In California, most bungalows were built between 1900 and 1930. The majority of those were built between 1908 and the mid-1920s, at which point they began to lose popularity to Spanish-revival styles.
"The good thing about bungalows and early-20th-century houses, in general, is they did have most of the stuff that we consider modern, like indoor plumbing and central heat," explains Powell, who has written six books (with photos by Linda Svendsen) about bungalow restoration. "It's not like you're trying to put a modern functioning kitchen in a house that was built in 1783. Especially in the bathrooms -- [except for] low-flow toilets, we're pretty much using the same plumbing [technology]."
Powell has owned and restored 11 bungalows in the Oakland area. Two stand out in her mind. The first was a 1920s bungalow that was occupied by the same family that had purchased it in 1930. "The parents lived there until they died, and then the son lived there until he died, and I bought it on probate," Powell recalls. "The son was a lifelong bachelor who was a detective for the railroad company, and he smoked. The whole thing was covered with a very thick layer of nicotine. It was filthy, but it also pretty much hadn't been touched."
The only change to the structure had been made in the '50s when the original owners covered the hexagonal tiles on the bathroom floor with turquoise linoleum. "It came off fairly easily, and I was able to restore the floor. The original hex was underneath," says Powell. "The black mastic stuff, the adhesive, wasn't hard to get off of the tiles, but it was hard to get out of the grout. The kitchen, except for the addition of new appliances, had not really been touched. Mostly that one was about cleaning up the nicotine."
The other bungalow Powell remembers had belonged to a woman in her 90s who sold it to Powell prior to moving in with her son. The house had a small neighborhood grocery store built into the front and a basement for storing products and supplies. "She and her husband had been operating it from around 1952 [when they purchased the home] until 1978, when her husband died. They closed the store, but a lot of the store stuff was still in there. She was a pack rat."
When Powell first visited the home, it was so cluttered that she had to climb over piles of junk and refuse in order to get past the front door. Receipts dating back to the '50s were found.

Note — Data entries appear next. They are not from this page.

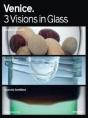 Murano: Three Artists | Three Visions - Preview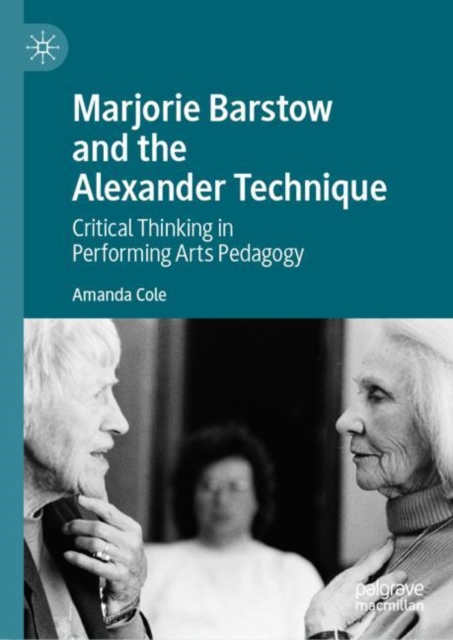 Marjorie Barstow and the Alexander Technique : Critical Thinking in Performing Arts Pedagogy, EPUB eBook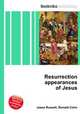 Resurrection appearances of Jesus, Jesse Russell,Ronald Cohn 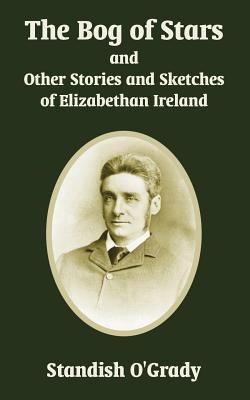 Bog Of Stars And Other Stories And Sketches Of Elizabethan Ireland, The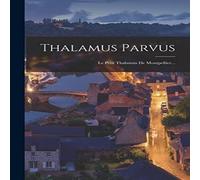Anonymous Thalamus Parvus: Le Petit Thalamus De Montpellier... Paperback Book Anonymous Multicolor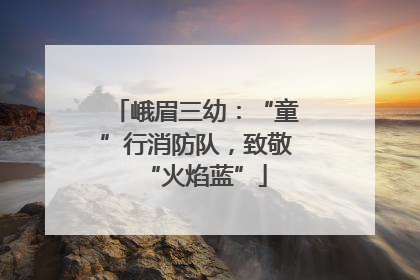 峨眉三幼：“童”行消防队，致敬“火焰蓝”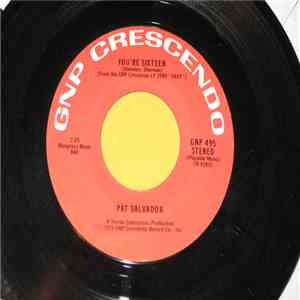 Pat Salvador - You're Sixteen / From A Jack To A King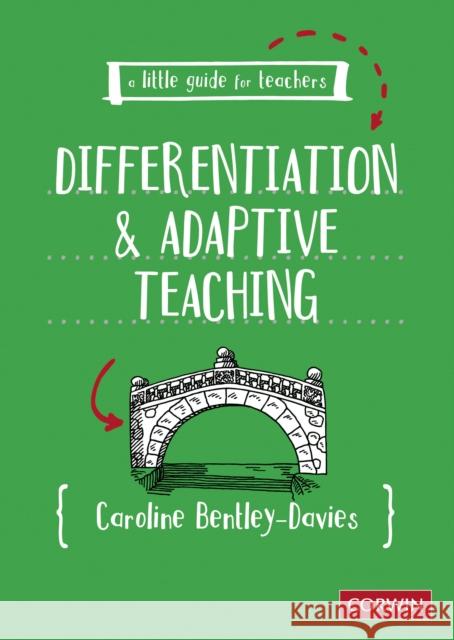 A Little Guide for Teachers: Differentiation and Adaptive Teaching Caroline Bentley-Davies 9781529798333 SAGE Publications Ltd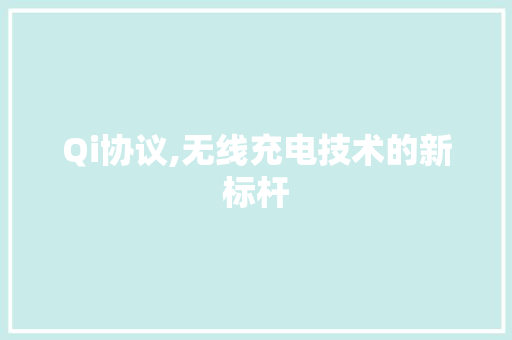 Qi协议,无线充电技术的新标杆 花朵知识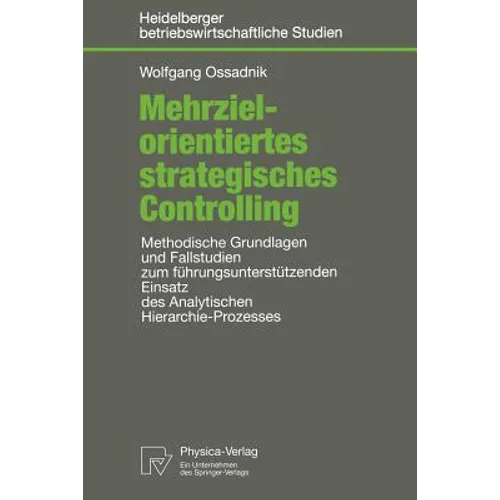 Mehrzielorientiertes Strategisches Controlling: Methodische Grundlagen Und Fallstudien Zum Führungsunterstützenden Einsatz Des Analytischen Hierarchie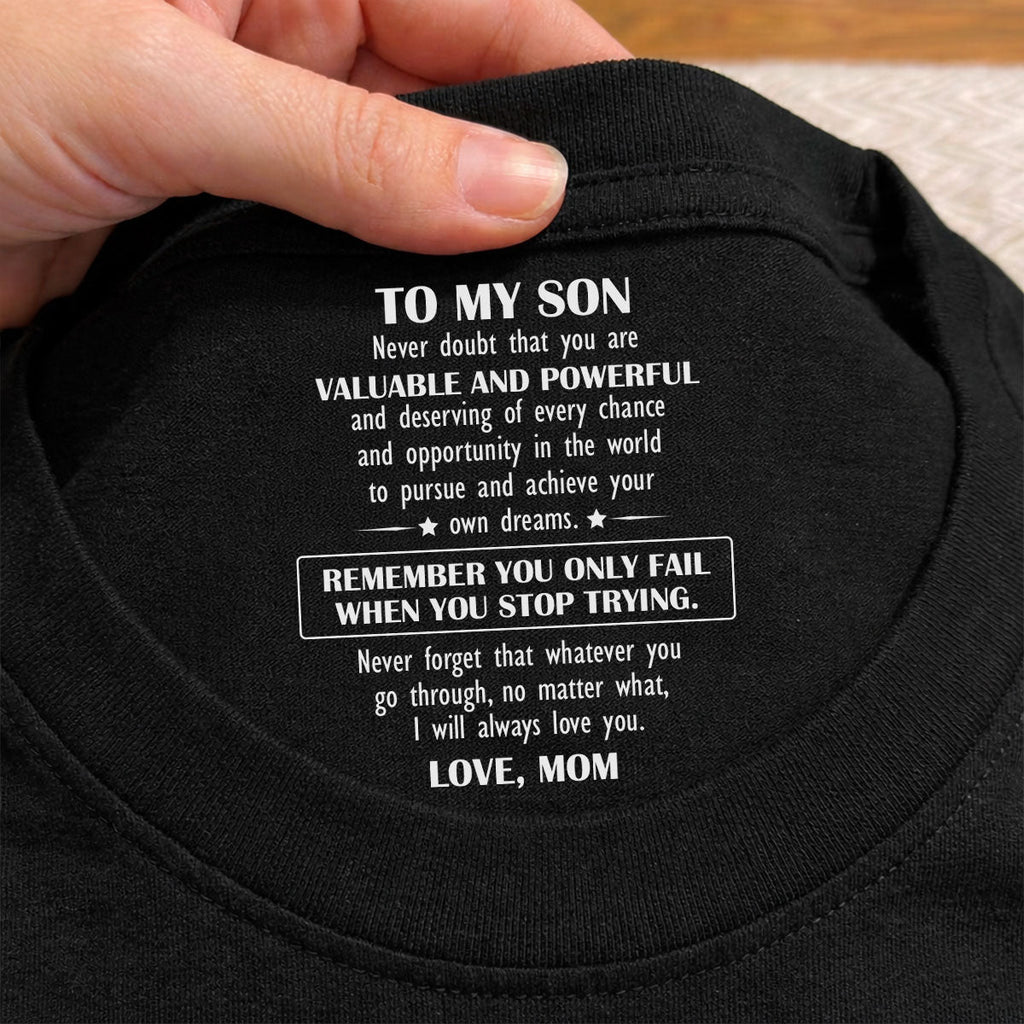 Custom Father's Day Gift For Son • Never Forget That Whatever You Go Through - Personalized Inside Neck Print T-Shirt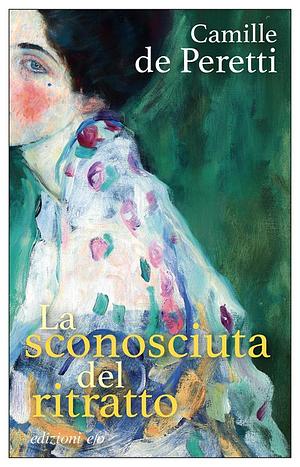 La sconosciuta del ritratto by Camille de Peretti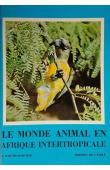 MARCHE-MARCHAD Jacqueline - Le monde animal en Afrique inter-tropicale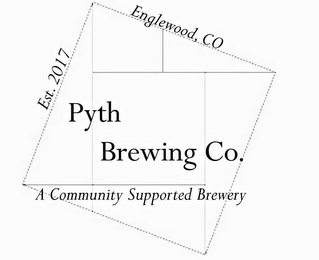 PYTH BREWING CO. A COMMUNITY SUPPORTED BREWERY EST.2017 ENGLEWOOD, CO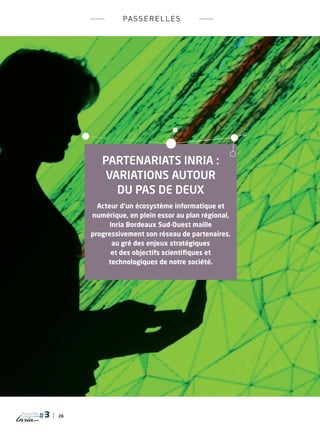 26
magazine
PARTENARIATS INRIA :
vARIATIONS AuTOuR
Du PAS DE DEux
Acteur d’un écosystème informatique et
numérique, en ple...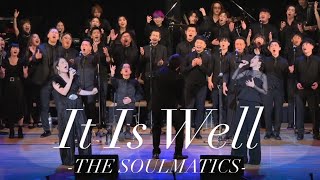 It Is Well -THE SOULMATICS-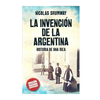 LA INVENCION DE LA ARGENTINA. SHUMWAY NICOLAS
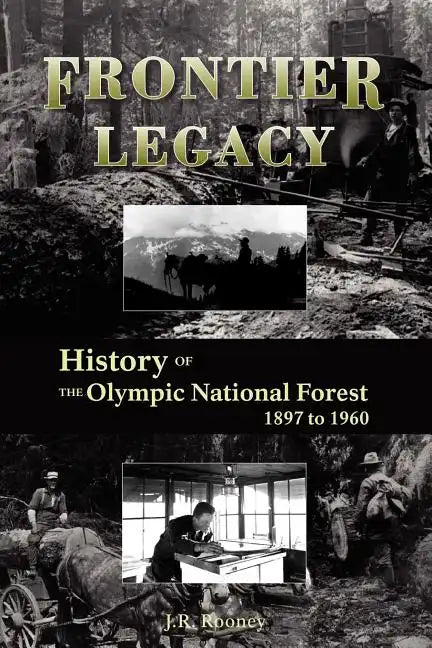 Frontier Legacy: History of the Olympic National Forest 1897 to 1960 - Paperback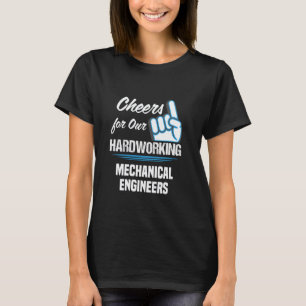 T-shirt Acclamations à nos ingénieurs mécaniciens travaill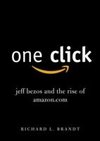 One Click : Jeff Bezos and the Rise of amazon.com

But there was a positive side to the hoarding: "Even though they ripped stuff out of the house, they didn't throw it away." The kitchen cabinets had been replaced with "ugly plywood things," but Powell found all of the original cupboards and drawers, along with their hardware, in the basement. By adding an extra bathroom and restoring the cabinets, floors, and countertops, Powell managed to make the bungalow look like an updated version of its debut in 1926.
Powell insists that new appliances should match the existing kitchen for a timeless appeal. "One of the phrases I hate is when a designer says, 'We wanted to mix the old with the contemporary.' It's, like, 'No, you really don't want to do that'....
"Someday stainless steel will be viewed the same as avocado green is viewed now."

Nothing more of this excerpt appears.